I haven't gotten laid in forever. I'm obsessed. I imagine I this is how Ethopians feel about food.
Dude, TWO hot chicks on jeopardy tonight. gonna be a good one
Dude, I am so turned on right now. Hot chick with glasses from brooklyn is absolutely crushing right now, taking whole categories. might beat off to jeapordy...
do another line during during the commercial and make the magic happen during double jeopardy.

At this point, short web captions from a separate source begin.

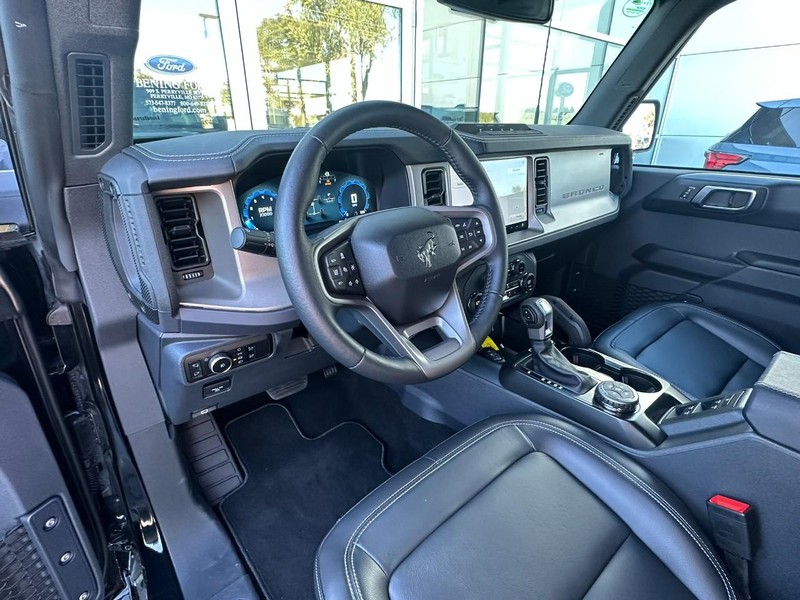 Ford Bronco Vehicle Full-screen Gallery Image 10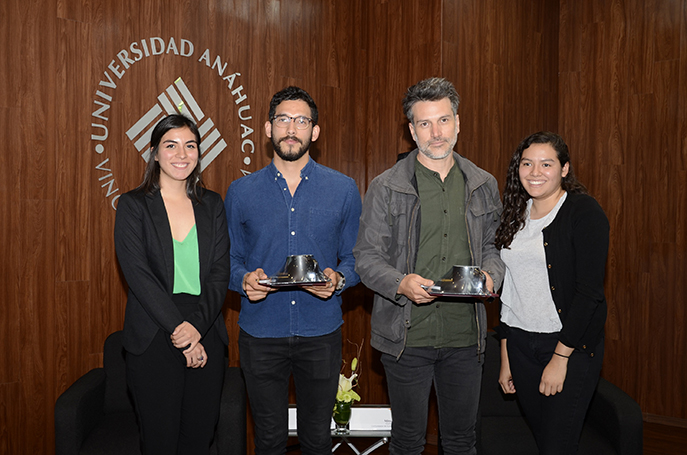 Directores de FabLab Santiago, el primer laboratorio de medios modernos de invención independiente en Latinoamérica, imparten ponencia en la Universidad Anáhuac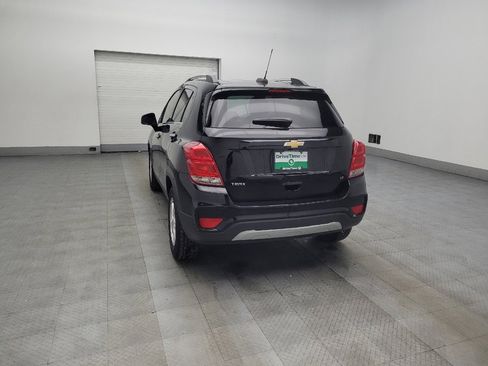 Used 2020 Chevrolet Trax LT w/ LT Convenience Package image 5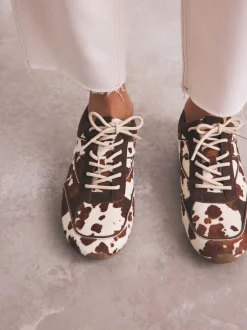 Koeienprint - Slim Premium Leren Trainers met Vetersluiting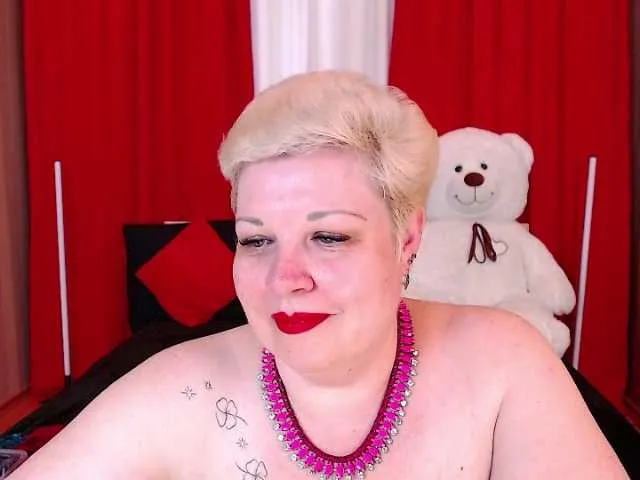 Live sex webcam photo for AnnaBain #274245911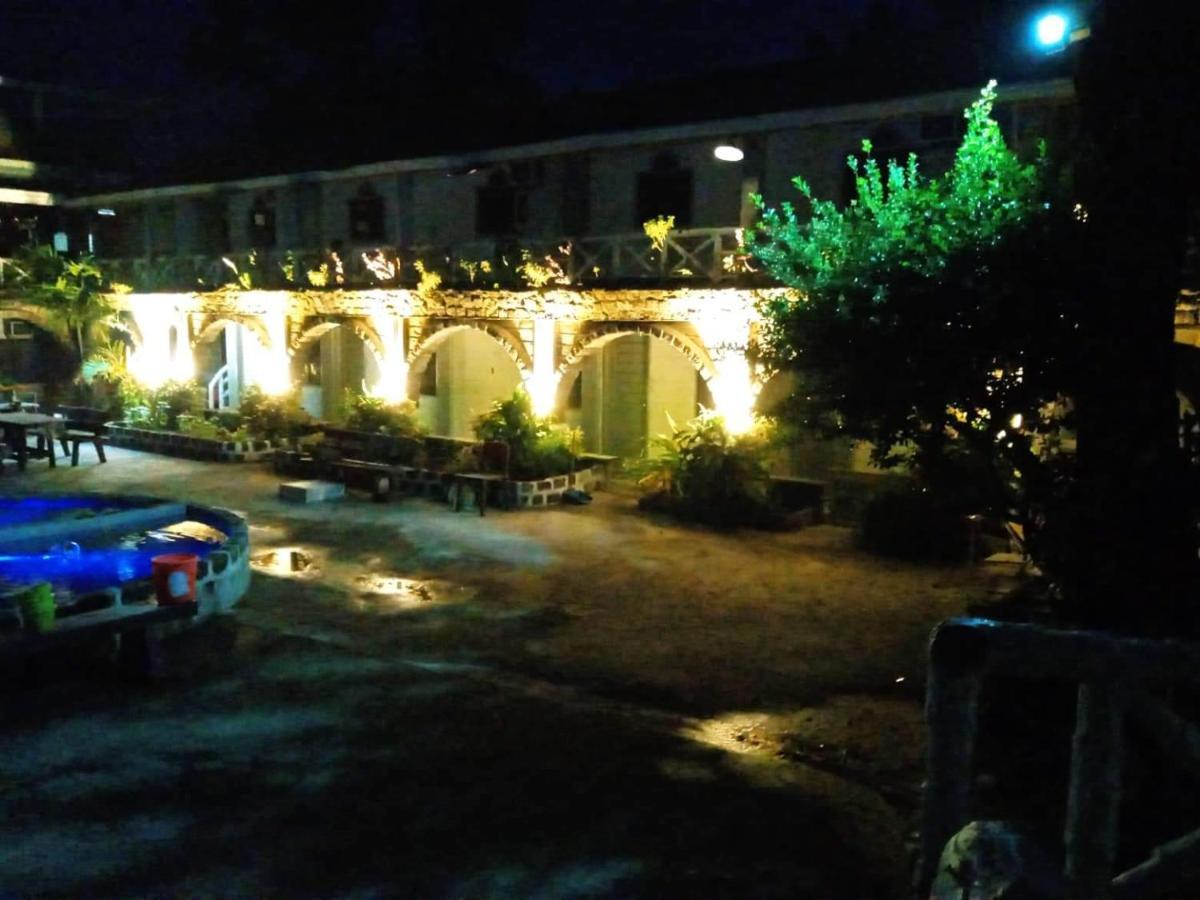 Sunbloom Beachfront Hotel And Restaurant Zambales Sinabacan 外观 照片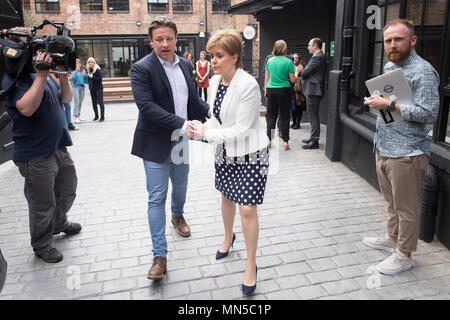 Première réunion de Jamie Oliver Ministre Nicola Sturgeon à Benwell House à Londres, où elle a annoncé de nouvelles initiatives de l'obésité infantile. Banque D'Images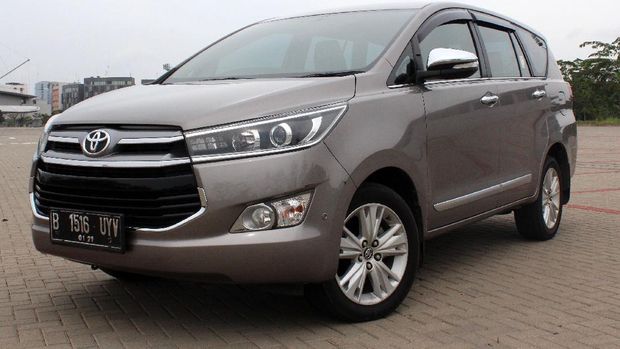 Inikah Tampang Innova Facelift Terbaru  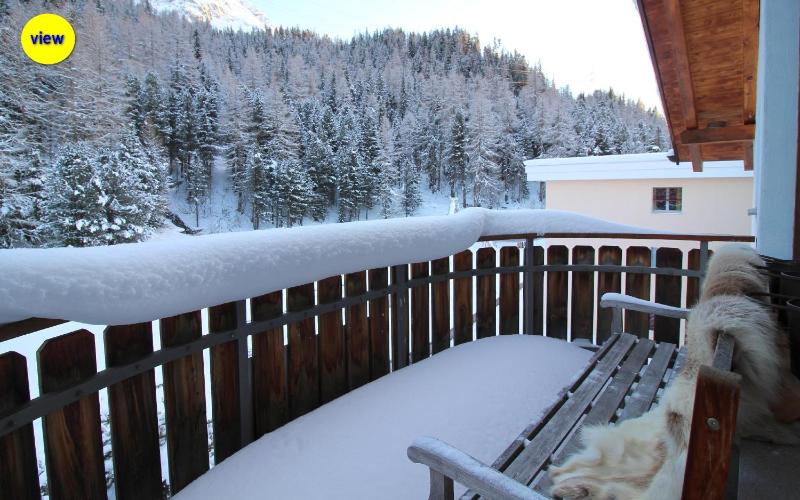 Apartment with Mountain View image 4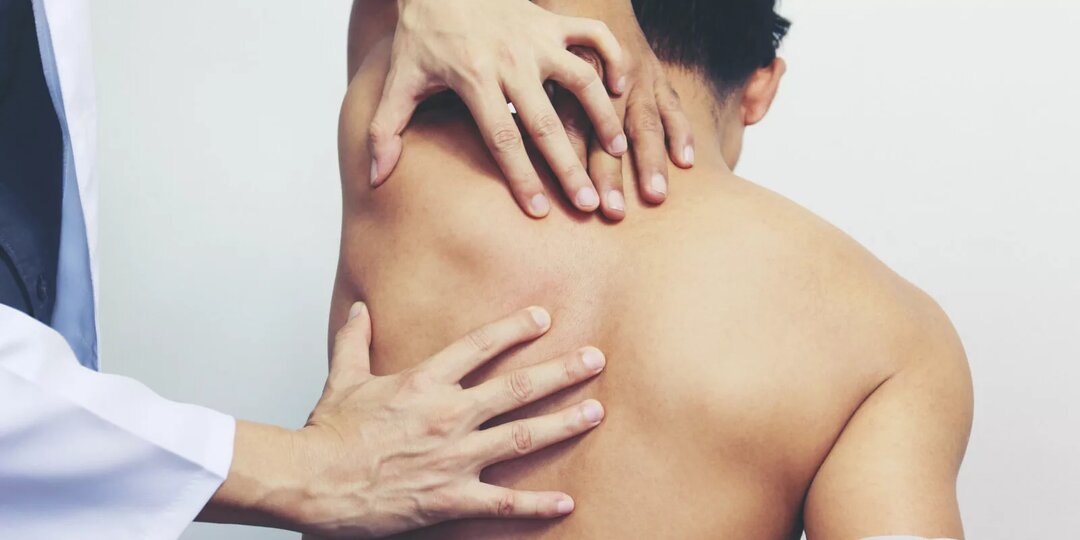 Почему болит под лопаткой и как эта боль влияет на все самочувствие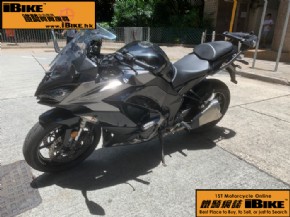  Kawasaki Ninja 1000SX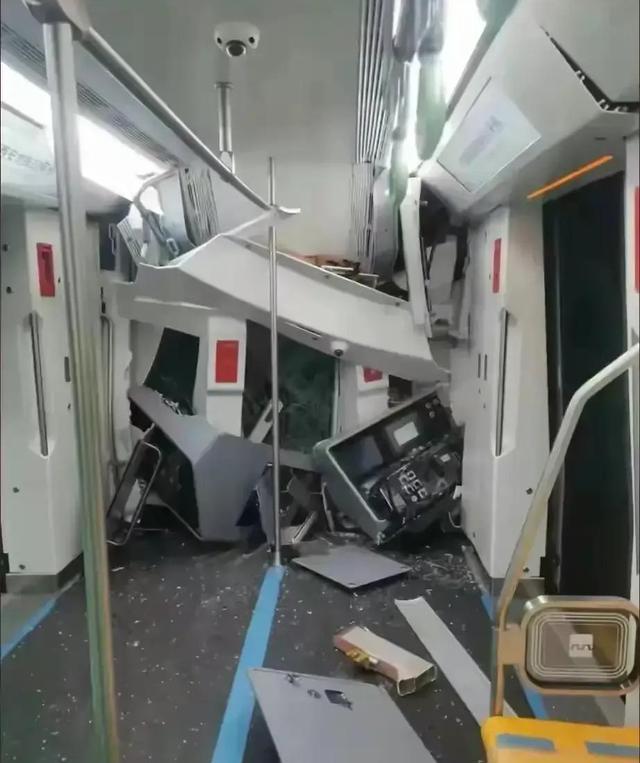 西安地铁事故通报：试车时处置不当，车辆追尾局部受损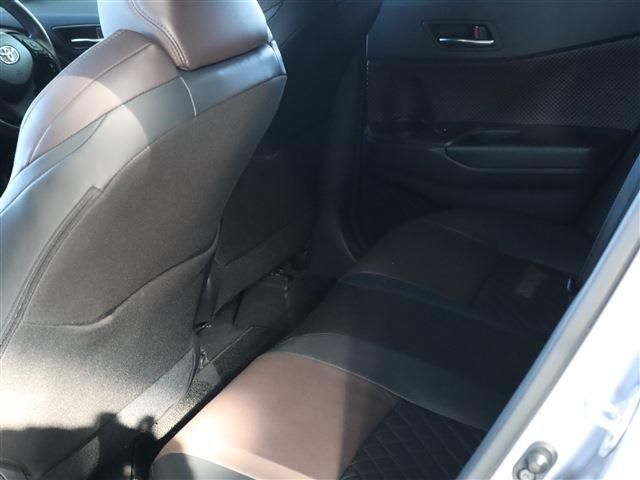 Toyota C-HR 2017-05 185495-28
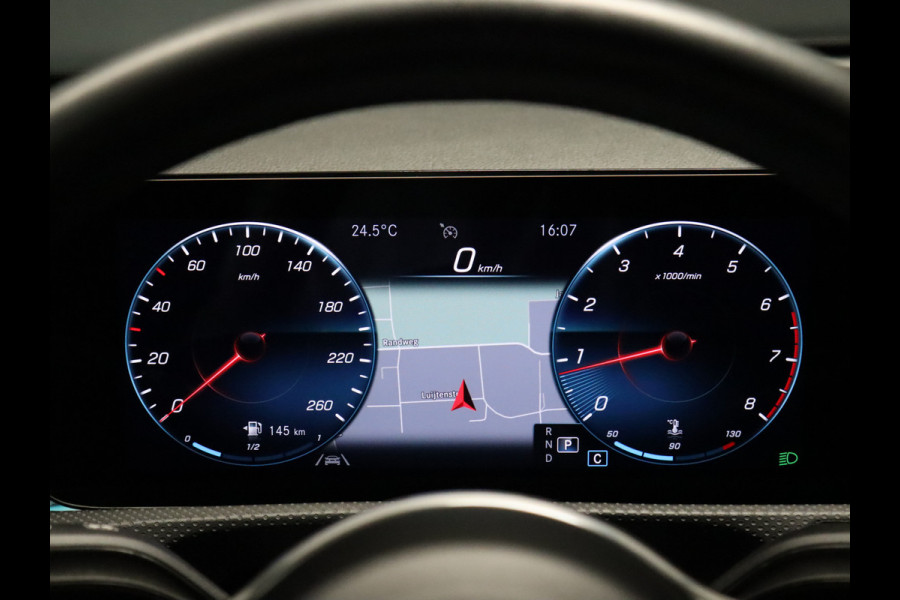 Mercedes-Benz A-Klasse 180 Business Solution Luxury Line [CAMERA, APPLE CARPLAY, ANDROID, VOL LEDER, STOELVERWARMING, CRUISE, CLIMATE, NIEUWSTAAT]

I don't know if this beer pong partnership can last if you refuse to look me in the eye when we make sweet sweet clutch cup at the same time.
We totally just fucked in a closet. These vacations with his family are causing creativity I never thought I had.
For some reason i am carrying prostate cancer brochures. i am nor used to drinking this early.
My lips are sealed. Both pairs.
... Already stepped in vomit and got a dirty look from a fat in a neck brace
I'm drinking Leinenkugel through a Red Vine. I'm not drunk. I'm just happy with my life so far.
I've reached the gravitational age where it's very hard to get my face and my boobs in the same shot without some kind of yoga involved .
this is the first time i'm angry at someone with so much boobs. she like managed to break my glass and my phone with one glorious swing
Is it inappropriate to be Drs. Willy Fister and Jess Hewill as a couples costume for Halloween?
Oh we're gynecologists
Hypothetically speaking how does one remove a lamp that they hypothetically superglued to the ceiling?
Acetone nail polish remover, and you lied about studying last night didn't you?
Oh definitely.
Drunk me wants sober me to be happy, woke up with half a dozen doughnuts in my bed this morning.
How did i spend $200 last night?
Every time you went to get me a drink, you also came back with shots. Then you fell down the steps.
you scattered cereal all over the floor so you could "re-trace your steps and figure out what happened." 20 min later you yelled about the mess and let the dog in to clean it up. 5 min after that you screamed since the cereal was gone. you suspected me and locked me in the bathroom so i could "think about what i'd done"
and you bit everyone who tried to let me out. no more tequila for you. EVER.